Sign Language Recognition, Turkish Sign Language (TID), 3D Convolutional Neural Networks, Score-level Fusion

1 Introduction

Sign Language is the means of communication of the Deaf, and each Deaf culture has its own sign language. Sign languages differ from the spoken language of the culture. Communication between the Deaf and the hearing relies mostly on the Deaf individual learning the spoken language and using lipreading and written text to communicate: A huge and unfair burden on the Deaf. The reverse, teaching the general population at least some sign language may be more feasible, and there are available educational courses for such aim. However, gaining expertise in sign language is difficult, and the communication problem is still unsolved. Automatic interpretation of sign languages is a necessary step for not only enabling the human-computer interaction but also facilitating the communication between the Deaf and the hearing individuals.

Automatic Sign Language Recognition (ASLR) refers to a broad field with different tasks, such as recognizing isolated sign glosses and continuous sign sentences. The objective of the ASLR system is to infer the meaning of the sign glosses or sentences and translate it to the spoken language. Recently, there has been an increased progress in these efforts: Sign Language Translation (SLT) has become an active research problem for creating interactive sign language interfaces for the deaf [2, 1, 3, 18]. A number of recent papers on the topic made use of neural network generated features. However, while the quality and representative power of these features in SLT are essential, and it is difficult to evaluate the representative potential of the elements in a pipeline setting where the overall system error is cumulative. For this reason, in this study, we aim to evaluate 3D Residual CNN Based Sign Language embeddings in terms of explanatory power in an Automatic Sign Language Recognition (ASLR) setting where temporal mix-up between signs and co-articulation is minimal. For the general case of Isolated SLR, the system aims to process a sign gloss and assign it to a single sign gloss label. In a limited context of supervised learning set-up, labels are glosses, which are transcription symbols assigned by sign language experts. There may be a single signer or multiple signers in communication; however, the ASLR system should be signer independent.

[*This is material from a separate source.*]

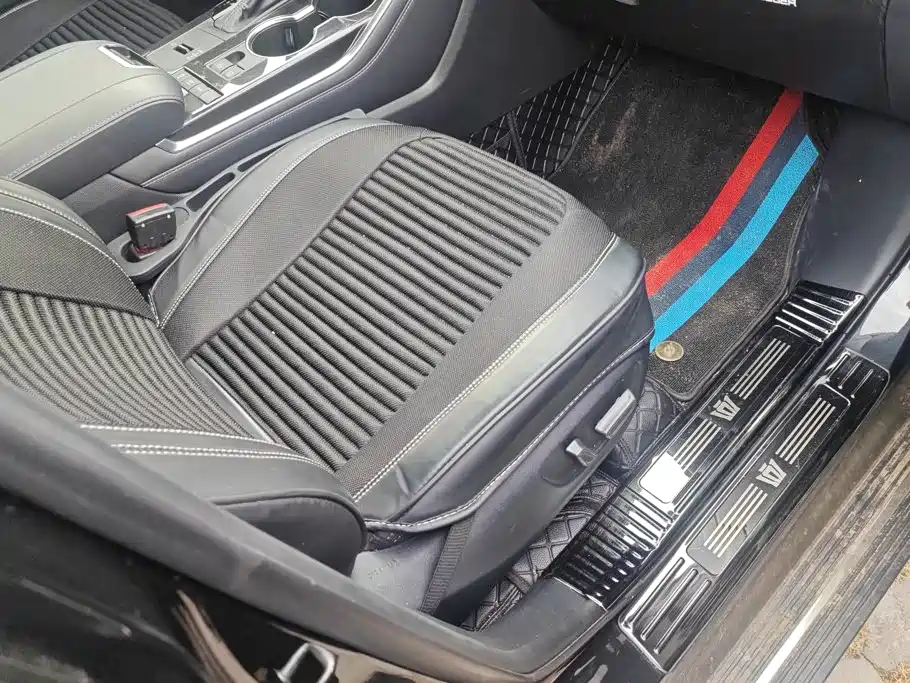 Toyota Crown Kluger — миниатюра 8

To convey the meaning of a performed sign gloss, Sign Languages use multiple channels, which are manifested as visual cues. We can classify these visual cues into two categories; (1) cues that are denoted as manual cues including hand shape and movement, and (2) cues that are non-manual features including facial expressions and upper body pose focusing on details without definitive large displacements.

Solving the problem of Isolated SLR requires specialized methods, which can be grouped into two categories. The first category is using handcrafted features, focusing on video trajectories and flow maps  [29, 19, 27]. The second set of methods includes machine learning algorithms and neural networks to improve classification performance  [14, 25, 19]. 3D CNN models have proven successful in various video tasks [23, 24]. Li et al. [14] adopted the same architecture in SLR and reported improved performance. However, Özdemir et al. [19] provided the comparison of 3D CNN models and handcrafted methods but have found that 3D CNNs are inferior to the state-of-the-art handcrafted IDT approach.

The aim of this work is to investigate why 3D CNN models may fail to show similar success in sign language recognition and to observe what modifications improve their performance. We hypothesize that the performance drop occurs because of the common practice of scaling images into smaller size and sampling frames [23, 24], due to computational requirements and difficulty of training bigger neural networks. One solution is handling the negative effect of the sampling by increasing the model complexity as in  [6, 30, 12], yet this increases computational requirements. Instead, we firstly apply attentive data selection at the pre-processing phase by determining cues in SLR data. Secondly, we divide the problem into multiple cues and train different expert classifiers on each kind of dense feature. Thirdly, we refine the expert cue network knowledge into one result, by applying score-level fusion.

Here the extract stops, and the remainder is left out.